WHAT YOU ARE ASKED TO DO
Return the count of lines in the records that include the string "woman", and nothing besides it.
--------------------------------
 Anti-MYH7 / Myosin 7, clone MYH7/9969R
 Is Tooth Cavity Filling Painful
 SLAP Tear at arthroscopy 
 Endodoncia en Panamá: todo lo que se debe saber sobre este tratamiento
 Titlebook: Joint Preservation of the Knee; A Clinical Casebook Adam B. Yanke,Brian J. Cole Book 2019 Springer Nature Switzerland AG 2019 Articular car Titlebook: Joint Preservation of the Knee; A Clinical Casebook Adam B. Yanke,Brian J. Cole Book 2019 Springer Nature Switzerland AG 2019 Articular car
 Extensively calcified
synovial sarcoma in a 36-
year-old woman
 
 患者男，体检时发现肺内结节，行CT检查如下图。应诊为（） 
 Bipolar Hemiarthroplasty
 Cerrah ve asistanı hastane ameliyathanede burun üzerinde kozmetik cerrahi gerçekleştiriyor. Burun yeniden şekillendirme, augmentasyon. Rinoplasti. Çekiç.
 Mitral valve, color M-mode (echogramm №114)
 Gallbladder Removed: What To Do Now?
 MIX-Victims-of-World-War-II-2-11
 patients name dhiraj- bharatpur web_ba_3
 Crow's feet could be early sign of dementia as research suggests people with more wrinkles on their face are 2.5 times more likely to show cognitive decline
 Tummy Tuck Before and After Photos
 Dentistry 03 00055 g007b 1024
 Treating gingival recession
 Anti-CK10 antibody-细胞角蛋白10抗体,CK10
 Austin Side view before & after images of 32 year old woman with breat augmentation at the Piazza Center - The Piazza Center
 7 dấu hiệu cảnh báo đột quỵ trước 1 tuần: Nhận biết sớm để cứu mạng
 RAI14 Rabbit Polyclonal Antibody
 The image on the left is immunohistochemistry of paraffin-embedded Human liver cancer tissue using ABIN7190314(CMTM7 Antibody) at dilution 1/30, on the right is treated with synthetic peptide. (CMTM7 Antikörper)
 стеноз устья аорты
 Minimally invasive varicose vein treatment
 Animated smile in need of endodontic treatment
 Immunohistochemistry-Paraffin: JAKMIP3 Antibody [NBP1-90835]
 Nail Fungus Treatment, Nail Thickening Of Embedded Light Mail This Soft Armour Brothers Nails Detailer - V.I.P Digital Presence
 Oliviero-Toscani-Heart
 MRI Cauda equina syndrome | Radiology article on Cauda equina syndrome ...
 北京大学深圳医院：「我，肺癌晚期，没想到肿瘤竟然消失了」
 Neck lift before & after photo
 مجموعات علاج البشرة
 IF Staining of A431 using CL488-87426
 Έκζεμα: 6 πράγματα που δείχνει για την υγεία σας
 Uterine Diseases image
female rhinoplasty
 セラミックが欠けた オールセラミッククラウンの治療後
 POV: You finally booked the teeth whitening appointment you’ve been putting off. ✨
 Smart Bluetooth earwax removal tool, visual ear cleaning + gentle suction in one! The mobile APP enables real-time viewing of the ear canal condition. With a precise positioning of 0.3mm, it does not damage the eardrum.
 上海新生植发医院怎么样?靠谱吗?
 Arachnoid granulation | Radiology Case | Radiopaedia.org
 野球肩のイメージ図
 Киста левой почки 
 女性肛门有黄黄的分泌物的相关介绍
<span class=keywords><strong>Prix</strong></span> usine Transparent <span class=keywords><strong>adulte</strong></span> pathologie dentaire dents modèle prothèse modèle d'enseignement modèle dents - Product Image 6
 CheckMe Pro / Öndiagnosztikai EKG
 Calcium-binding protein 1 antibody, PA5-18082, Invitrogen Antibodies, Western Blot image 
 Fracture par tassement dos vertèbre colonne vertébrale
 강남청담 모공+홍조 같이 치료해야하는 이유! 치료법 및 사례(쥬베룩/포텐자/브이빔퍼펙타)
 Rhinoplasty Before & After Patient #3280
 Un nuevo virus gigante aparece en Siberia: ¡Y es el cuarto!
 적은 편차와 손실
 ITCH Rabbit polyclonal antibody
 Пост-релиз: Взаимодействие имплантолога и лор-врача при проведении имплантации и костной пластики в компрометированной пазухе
--------------------------------
PROBLEM SOLUTION
2